Fig. 1 is a flowchart illustrating a method for extracting key information of a target object according to an embodiment of the present invention. The method provided by the embodiment of the invention can be executed by any electronic equipment with computer processing capability, such as a terminal device and/or a server. As shown in fig. 1, the method for extracting key information of the target object includes:
step S1, a first sentence set is obtained, where the first sentence set is composed of sentences obtained by recognizing an image of a target object.
And step S2, scoring each statement in the first statement set according to a set scoring strategy to obtain a scoring score.
And step S3, selecting the target statement with the highest score in the first statement set according to the score corresponding to each statement, deleting the target statement from the first statement set, and adding the target statement into the second statement set.
In step S4, the loop is repeated with step S2 and step S3 executed in sequence as a loop until the number of words included in the target sentence selected in step S3 is equal to or greater than the set first threshold.
In step S5, the target sentences in the second sentence set obtained in step S4, excluding the target sentence obtained in step S3 last time, are used as key information of the target object.
In the technical scheme of the embodiment of the invention, sentences are obtained by identifying images, the sentences are scored based on a set scoring strategy, after the sentences with the highest scoring scores are extracted, scoring and extracting operations are continued, and a plurality of excellent sentences which meet word number limitation are finally obtained as the key information of the target object.
Before step S1, the extraction method further includes: and performing text Recognition on the image of the target object by using an OCR (Optical Character Recognition) technology to obtain a first sentence set.

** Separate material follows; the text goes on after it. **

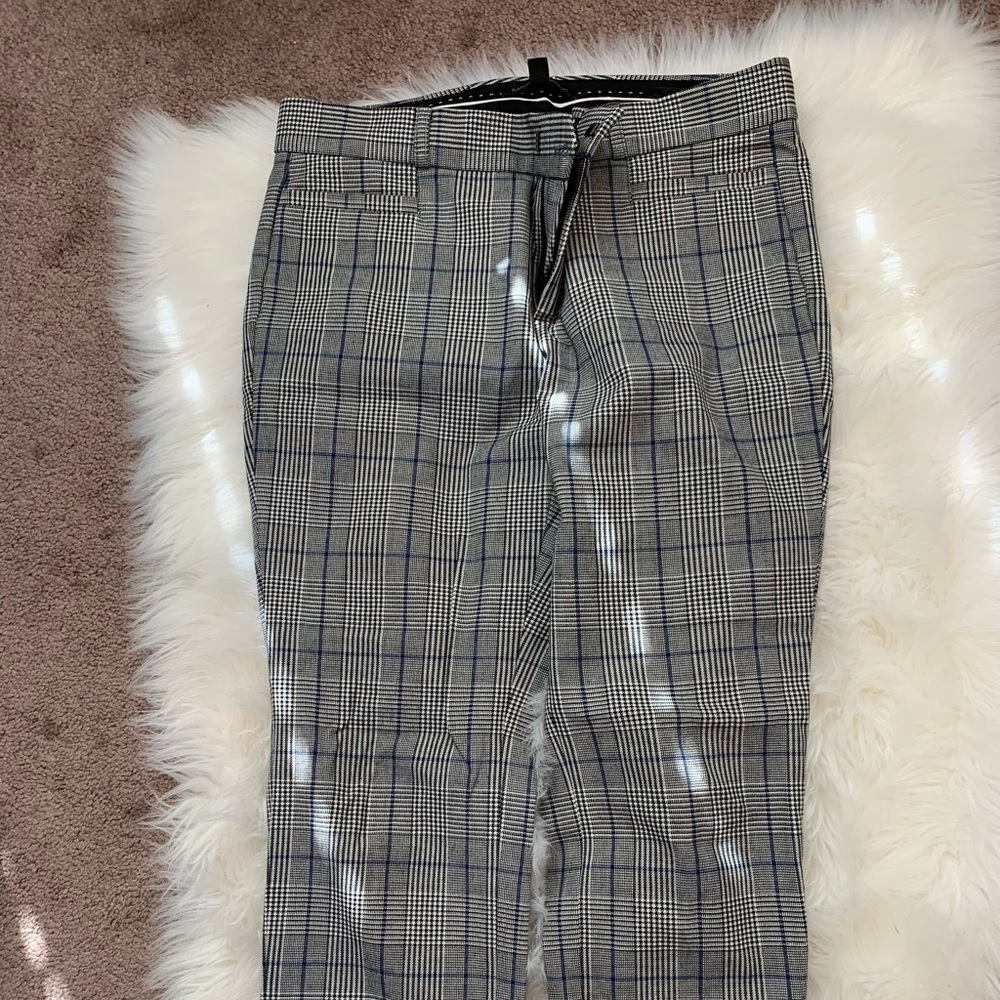 Banana republic trousers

Specifically, the target object in the embodiment of the present invention may be a commodity, and the first sentence set is a text data set. The texts of the commodities come from the detail page pictures of the commodities and are obtained by recognizing the detail page pictures of the commodities through an OCR technology.
In step S2, the scoring policy set includes: the sentences in the first sentence set are scored according to the attribute scoring rule of at least one of the sentences. These attribute scoring rules include: importance scoring rules, specificity scoring rules, readability scoring rules, compliance scoring rules, and redundancy scoring rules.
In the embodiment of the invention, modeling can be performed respectively from five aspects of importance, specificity, readability, compliance and redundancy, and the like so as to score the sentences in the first sentence set.
Furthermore, the sentences in the first sentence set can be scored in combination with the angle of the word number limit. Therefore, the extraction of the key information of the target object can be limited from six aspects of importance, specificity, readability, compliance, redundancy, word number limitation and the like, so that the key information of the target object which is important, strong in marketing, smooth, compliant, non-redundant in information and meets the length limitation can be obtained.
From the viewpoint of the word number limitation, the first threshold is the length limitation of the sentence, i.e. the maximum word number of the sentence. For example, the first threshold may be N, where N is a natural number, and in this case, the length of the sentence with the highest score of the key information as the target object may only be smaller than N. In one embodiment, N may be 6, but is not limited to this in practical applications.
In the embodiment of the present invention, the importance scoring rule may score the importance of the current sentence according to a ratio of the font size of the current sentence to the font size of the sentence with the largest font in the image of the target object.
Specifically, the sentence with the largest font size in each target object image is used as the subject sentence, i.e., the heading sentence, of the image. The score of the subject sentence of the image is 1, and the scoring formula of the importance score ai of other sentences except the subject sentence is as follows: ai is hi/hmax, where hi is the font size of the current sentence, hmax is the font size of the subject sentence, and i is a natural number indicating the sequence number of the current sentence in the first sentence set.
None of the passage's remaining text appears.